▶ _Data section_:

****

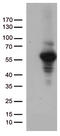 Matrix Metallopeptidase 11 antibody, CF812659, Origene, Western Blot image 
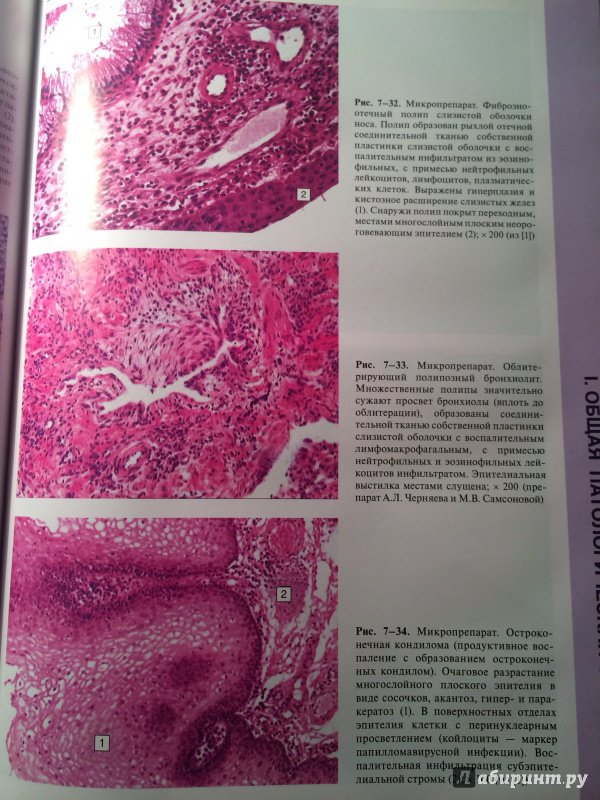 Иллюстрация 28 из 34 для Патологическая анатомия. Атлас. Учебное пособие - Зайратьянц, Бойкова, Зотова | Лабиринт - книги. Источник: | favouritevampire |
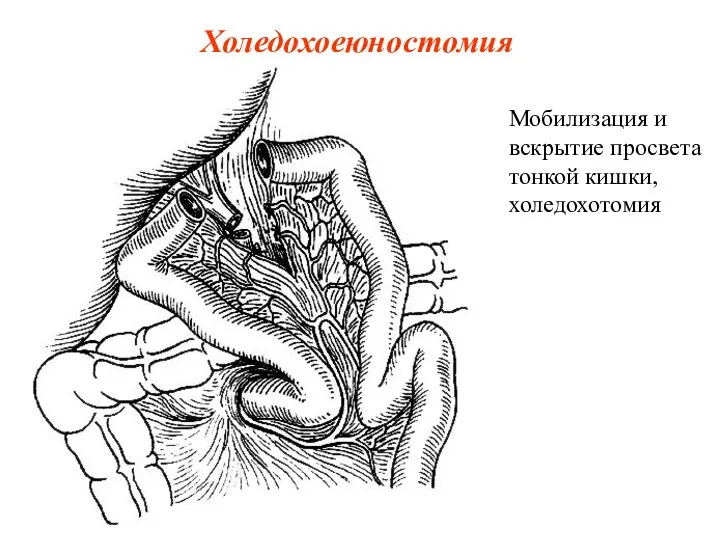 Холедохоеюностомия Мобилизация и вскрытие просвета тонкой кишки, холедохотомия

****

▶ _What the exercise asks_: Your answer must be the full listing, reproduced word for word, without its pictures.

▶ _Answer box_:
 Matrix Metallopeptidase 11 antibody, CF812659, Origene, Western Blot image 
 Иллюстрация 28 из 34 для Патологическая анатомия. Атлас. Учебное пособие - Зайратьянц, Бойкова, Зотова | Лабиринт - книги. Источник: | favouritevampire |
 Холедохоеюностомия Мобилизация и вскрытие просвета тонкой кишки, холедохотомия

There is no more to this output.